Wednesday, October 24, 2007

Banned By The Geneva Convention

I was in a commercial establishment recently--yesterday? The day before? Time is hard to track now--ANYWAY, this particular establishment was playing some "retro" music. At least, I assume they would call it "retro;" I would call it "the unredeemable dreck of the tone deaf 70s" myself. But that probably wouldn't make a good sales pitch.

We heard much of the worst of that decade before New Wave and Punk hit our shores. Yes, there was some Atlanta Rhythm Section crooning "I Am So Into You." Yes, there was some 10 CCs asserting "I'm not in love." Anita Ward screeched the disco imperative to "Ring My Bell." The Bee Gees warbled something in three part harmony. (Do you think there might have been come connection between the extremely tight pants they wore and their singing in a register that only dogs can hear? It couldn't just be a coincidence, could it?)

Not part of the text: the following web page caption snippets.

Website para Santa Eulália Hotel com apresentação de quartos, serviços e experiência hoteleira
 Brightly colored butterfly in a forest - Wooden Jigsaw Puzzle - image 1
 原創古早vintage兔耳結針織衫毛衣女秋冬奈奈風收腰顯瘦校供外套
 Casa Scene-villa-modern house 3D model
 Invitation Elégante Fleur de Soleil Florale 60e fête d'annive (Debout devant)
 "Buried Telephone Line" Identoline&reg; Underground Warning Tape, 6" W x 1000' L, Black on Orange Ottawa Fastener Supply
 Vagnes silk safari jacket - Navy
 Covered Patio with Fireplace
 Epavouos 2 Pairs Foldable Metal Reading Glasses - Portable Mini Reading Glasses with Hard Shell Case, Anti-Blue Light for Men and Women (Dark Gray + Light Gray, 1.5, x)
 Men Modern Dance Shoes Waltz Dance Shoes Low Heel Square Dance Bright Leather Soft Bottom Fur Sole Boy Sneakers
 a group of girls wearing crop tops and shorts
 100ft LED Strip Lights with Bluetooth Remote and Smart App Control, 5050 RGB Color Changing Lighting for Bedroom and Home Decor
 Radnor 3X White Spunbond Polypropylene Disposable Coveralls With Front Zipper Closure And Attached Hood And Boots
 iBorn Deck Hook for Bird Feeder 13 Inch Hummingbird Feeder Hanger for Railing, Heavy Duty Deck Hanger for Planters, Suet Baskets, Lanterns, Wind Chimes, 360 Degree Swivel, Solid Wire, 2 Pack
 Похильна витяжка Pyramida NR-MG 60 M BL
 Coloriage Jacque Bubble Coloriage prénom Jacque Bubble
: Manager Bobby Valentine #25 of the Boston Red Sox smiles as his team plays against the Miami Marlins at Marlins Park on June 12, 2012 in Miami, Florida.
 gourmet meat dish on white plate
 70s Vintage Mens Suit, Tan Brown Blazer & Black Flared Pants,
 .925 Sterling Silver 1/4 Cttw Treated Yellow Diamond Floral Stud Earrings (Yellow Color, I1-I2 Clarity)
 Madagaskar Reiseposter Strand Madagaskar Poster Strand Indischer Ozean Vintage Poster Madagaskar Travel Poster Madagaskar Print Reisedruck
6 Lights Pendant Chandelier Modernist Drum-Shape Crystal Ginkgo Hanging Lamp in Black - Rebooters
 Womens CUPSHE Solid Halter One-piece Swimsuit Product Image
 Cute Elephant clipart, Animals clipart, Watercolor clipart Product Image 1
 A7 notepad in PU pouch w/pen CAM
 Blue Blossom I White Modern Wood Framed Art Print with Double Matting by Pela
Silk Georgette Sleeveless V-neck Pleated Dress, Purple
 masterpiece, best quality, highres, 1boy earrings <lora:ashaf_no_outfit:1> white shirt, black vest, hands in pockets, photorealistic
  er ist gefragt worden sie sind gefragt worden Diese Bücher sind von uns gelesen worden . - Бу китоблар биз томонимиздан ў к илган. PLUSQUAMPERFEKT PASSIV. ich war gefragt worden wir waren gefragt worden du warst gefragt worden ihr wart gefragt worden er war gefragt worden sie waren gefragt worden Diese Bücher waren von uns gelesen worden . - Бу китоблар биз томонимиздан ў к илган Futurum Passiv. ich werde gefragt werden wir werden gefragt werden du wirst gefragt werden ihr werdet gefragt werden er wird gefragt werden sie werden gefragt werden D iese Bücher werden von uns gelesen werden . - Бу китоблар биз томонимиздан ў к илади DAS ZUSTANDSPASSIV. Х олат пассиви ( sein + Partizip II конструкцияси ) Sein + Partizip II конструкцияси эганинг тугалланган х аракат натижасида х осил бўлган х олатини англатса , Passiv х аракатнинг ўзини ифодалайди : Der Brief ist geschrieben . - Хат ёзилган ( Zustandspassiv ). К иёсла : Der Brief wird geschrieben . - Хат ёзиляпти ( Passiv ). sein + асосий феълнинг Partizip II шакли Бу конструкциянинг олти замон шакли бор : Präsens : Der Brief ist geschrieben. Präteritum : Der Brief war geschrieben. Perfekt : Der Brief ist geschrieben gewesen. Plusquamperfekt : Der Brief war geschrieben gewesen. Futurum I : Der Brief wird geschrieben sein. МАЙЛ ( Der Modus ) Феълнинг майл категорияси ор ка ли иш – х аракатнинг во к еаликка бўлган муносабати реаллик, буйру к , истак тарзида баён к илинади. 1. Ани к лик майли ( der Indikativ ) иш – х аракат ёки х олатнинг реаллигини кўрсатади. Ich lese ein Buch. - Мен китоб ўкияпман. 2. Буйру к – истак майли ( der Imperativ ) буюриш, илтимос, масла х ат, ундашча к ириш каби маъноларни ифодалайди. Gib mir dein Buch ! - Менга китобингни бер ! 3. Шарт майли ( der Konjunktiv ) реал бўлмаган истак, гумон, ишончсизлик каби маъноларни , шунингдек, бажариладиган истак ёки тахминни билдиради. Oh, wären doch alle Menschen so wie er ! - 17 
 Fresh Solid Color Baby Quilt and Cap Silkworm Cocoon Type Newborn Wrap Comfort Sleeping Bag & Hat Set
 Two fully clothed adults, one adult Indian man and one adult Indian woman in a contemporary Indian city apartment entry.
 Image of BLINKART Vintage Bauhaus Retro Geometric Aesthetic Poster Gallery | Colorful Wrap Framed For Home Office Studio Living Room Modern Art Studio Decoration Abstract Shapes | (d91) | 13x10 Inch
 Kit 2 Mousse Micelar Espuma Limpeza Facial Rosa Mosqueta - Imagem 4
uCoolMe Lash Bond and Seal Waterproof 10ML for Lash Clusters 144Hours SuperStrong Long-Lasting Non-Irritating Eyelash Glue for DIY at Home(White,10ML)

But the worst--the ultimate worst--the most painfully bad regurgitation of that nauseating decade was

"Do The Hustle."

Count yourself lucky if you have never heard this abominable cross between Ray Coniff singers and the Boston Pops. This overproduced piece of coprolite has insinuated itself into the synapses of my brain, and it keeps coming back like a bad curry.

"Ooooooo, oooo ooo ooo oooooo <whispered> Do it!"
Ooooooo, oooo ooo ooo oooooo <whispered> Do the hustle!"

And the strings swirl around behind the singers like water flushing down the toilet, culminating in a cheesy little flute non-melody: "Do do do do do-da-do do do, Do da do-da do-da-da do doot!" And every so often, that eerie whisper "Do the hustle!" Lather, rinse, repeat and repeat and repeat. . .

I hope you realize what a sacrifice I am making of my mental health to bring you this entry. This "song" has gotten lodged in my brain, and suddenly asserts itself. Oh man, bad disco flashback man. And I can't get rid of it. Lying in bed, trying to fall asleep, and the damn flute starts is perky piping and I can't stop it. Driving along, listening to an audiobook, and suddenly Henry VIII and Anne Boleyn are stepping aside for a lush string disco arrangement.

I'm starting to feel like John Candy from "Volunteers," where he place a Peace Corps volunteer in Asia who has been captured and brainwashed by the evil military bad guy. "Sleep? Who needs sleep? We can sleep when the revolution is over! I'm Tom Tuttle from Tacoma Washington! Fight, fight, fight for Washington State!"